### Your instructions
Copy exactly the lines from the line holding "学校班子述职报告（一）_第2页" through the end of the material, and no others; pictures stay out.

### Data provided
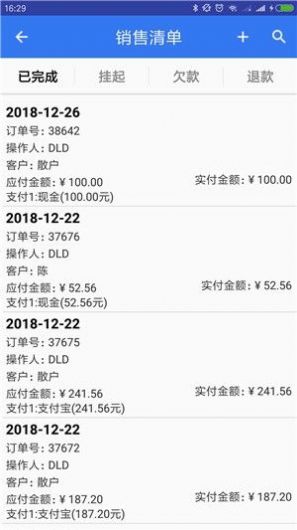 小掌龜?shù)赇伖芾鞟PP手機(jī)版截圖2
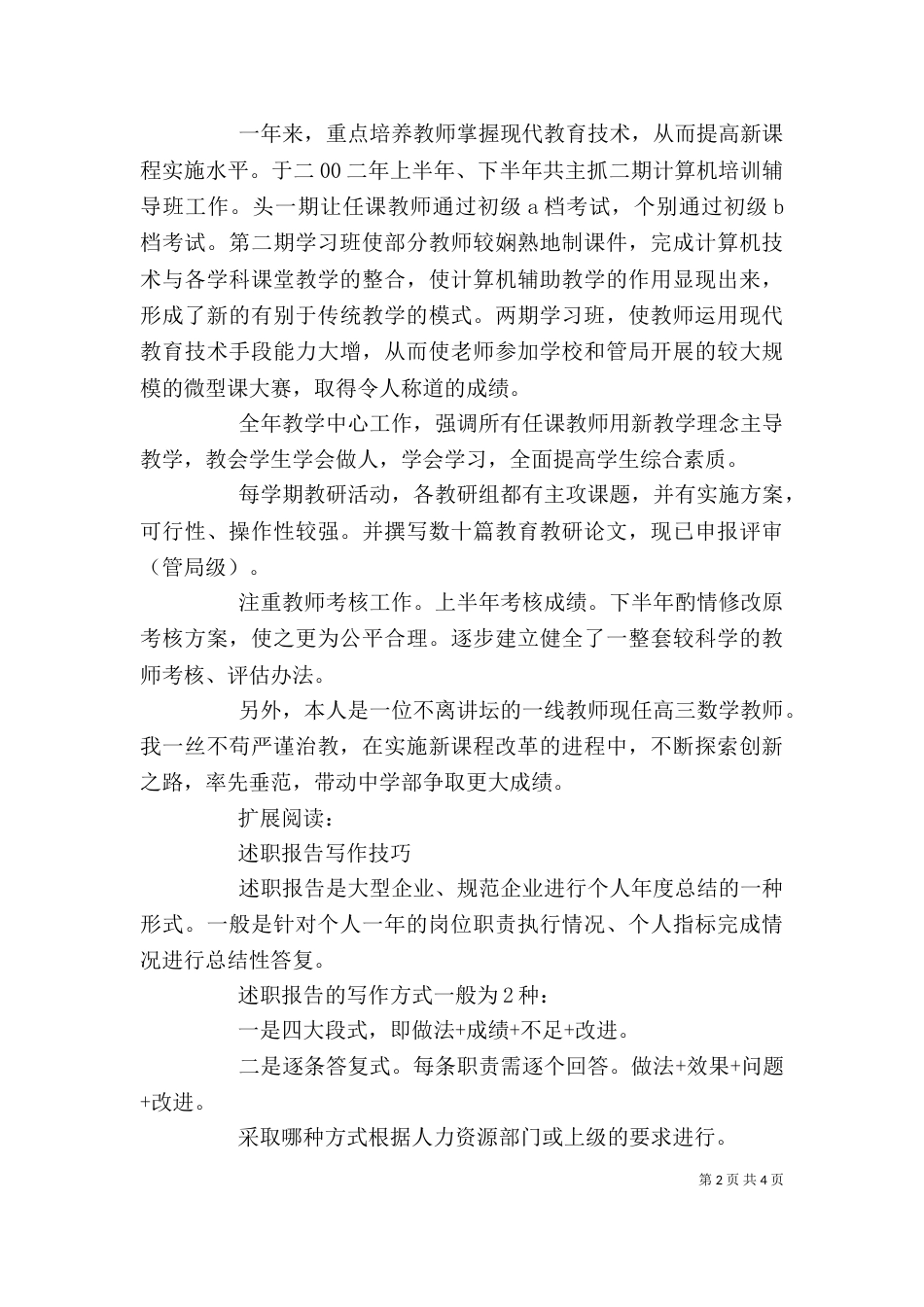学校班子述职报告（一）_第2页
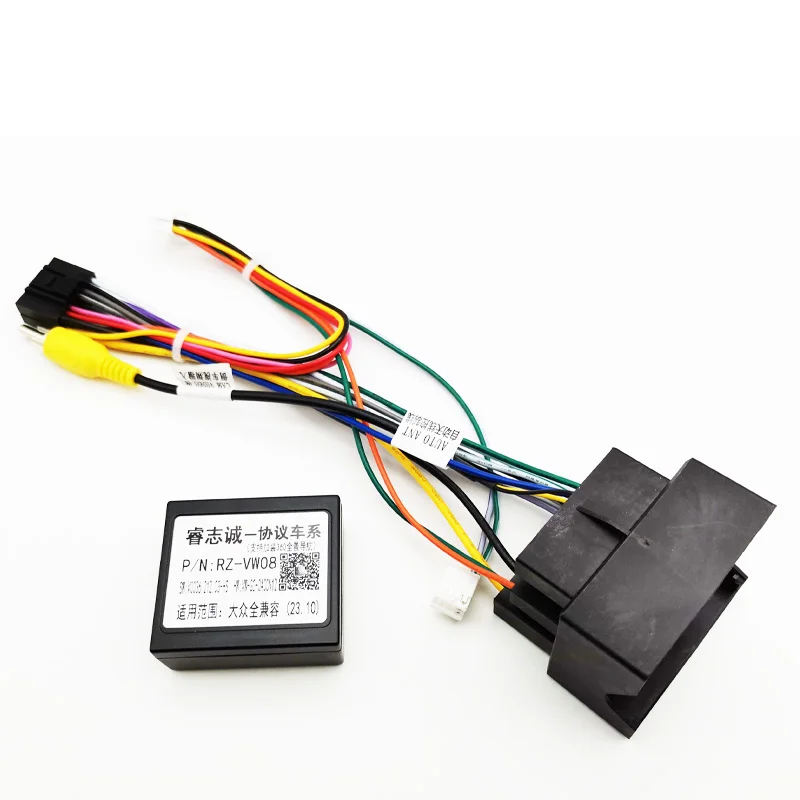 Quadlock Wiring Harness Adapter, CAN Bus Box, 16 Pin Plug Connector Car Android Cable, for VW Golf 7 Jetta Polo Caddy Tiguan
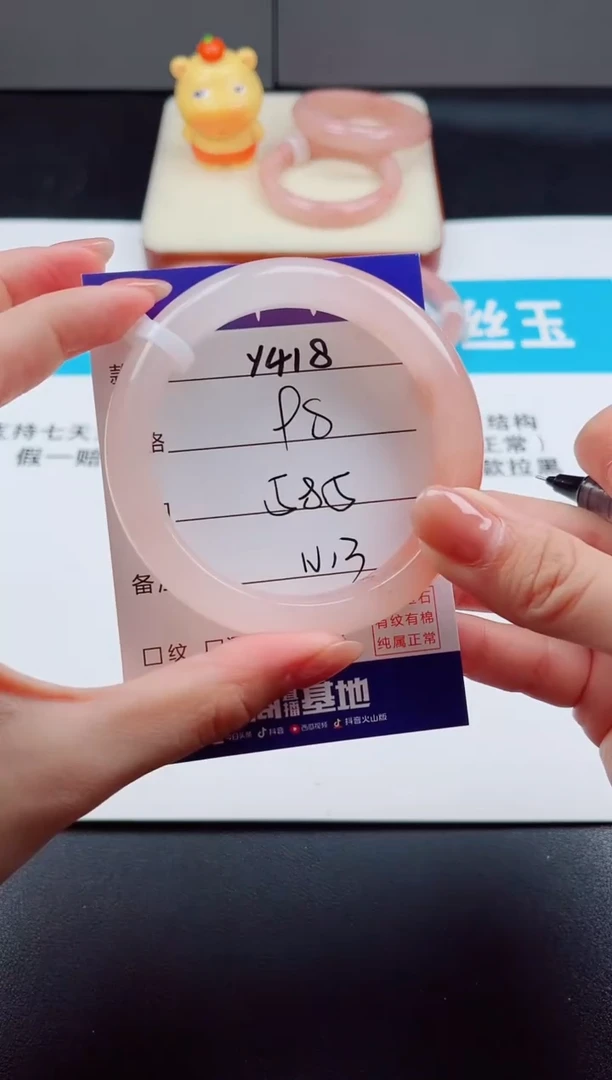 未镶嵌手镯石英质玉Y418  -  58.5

### Answer section
学校班子述职报告（一）_第2页
 Quadlock Wiring Harness Adapter, CAN Bus Box, 16 Pin Plug Connector Car Android Cable, for VW Golf 7 Jetta Polo Caddy Tiguan
 未镶嵌手镯石英质玉Y418  -  58.5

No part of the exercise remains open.